На руках Нилы тихонько, что было редкостью, сидела Има и внимательно изучала привезённый дедом подарок. Час назад, когда Согейр познакомил дочку с самратом, она спряталась за ногу отца, но дед подхватил её и усадил к себе на шею, а после подарил ей цепочку с кулоном в виде медвежьей морды, в разинутой пасти которого был зажат кусок колчедана. Сейчас она теребила его в руках, наблюдая, как красиво камень сверкает на солнце, и что-то шептала маме. Со стороны Суаве и Ясны расположились родители Роланда и с гордостью обсуждали, как хорош их сын, как он силён и что его наставник хвалит его ловкость. Правда, Анна-Марин, как любая мать на её месте, сокрушалась, что её сын всё время ходит в синяках, последний из которых ему на его прекрасном, как звездопад, лице, оставил какой-то гадкий заика.

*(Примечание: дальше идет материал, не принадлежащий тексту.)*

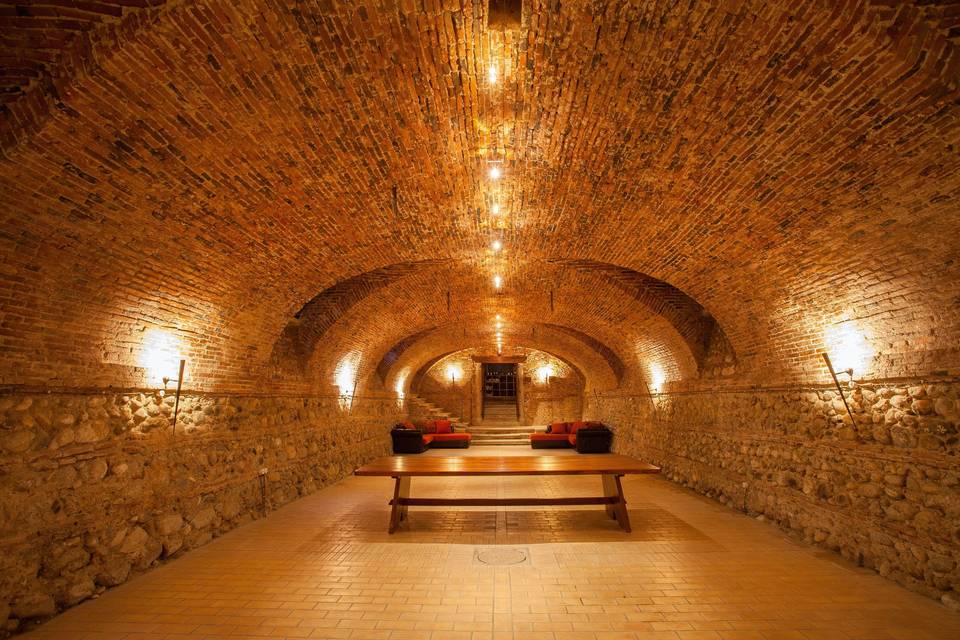 The cellar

Рядом с ними скучал граф Монтонари и в ожидании Четты перебирал чётки, в шёлковую кисточку которых были вплетены надушенные волосы жены. Аэлис и Лаэтан сидели через кресло от него и оживлённо спорили о том, как Сольсе укусила Виверо за ногу, когда он украл сено из её кормушки.
Больше всего ему сейчас хотелось выпить и подраться, а потом закрыться с Четтой в покоях и наконец разгромить расшатанную накануне кровать. У себя в Альгарде Эрнан часто устраивал боевые игрища и, получая новые шрамы, находил в этом странное удовольствие. Четта не сразу привыкла к этому увлечению мужа, но постепенно смирилась и с ним, наряду с его упрямством и вспыльчивостью, жертвой которых в свое время часто становился его младший брат Сальдо, которого природа обделила и силой, и ловкостью.
Когда Четта села на своё место между детьми и мужем, Чернильная Рука нежно поцеловал её пальцы, всё ещё пахнущие мускусом, и этот аромат снова взбудоражил его кровь, о чём он не преминул шепнуть ей на ухо.
Ясна с завистью смотрела на эту пару, тихо воркующую друг с другом.
— Милая, не нужно так смотреть, — аккуратно одёрнула её мать.
Ясна отчаянно вздохнула и снова окунулась в свои смелые девичьи мечты, которым не суждено было сбыться.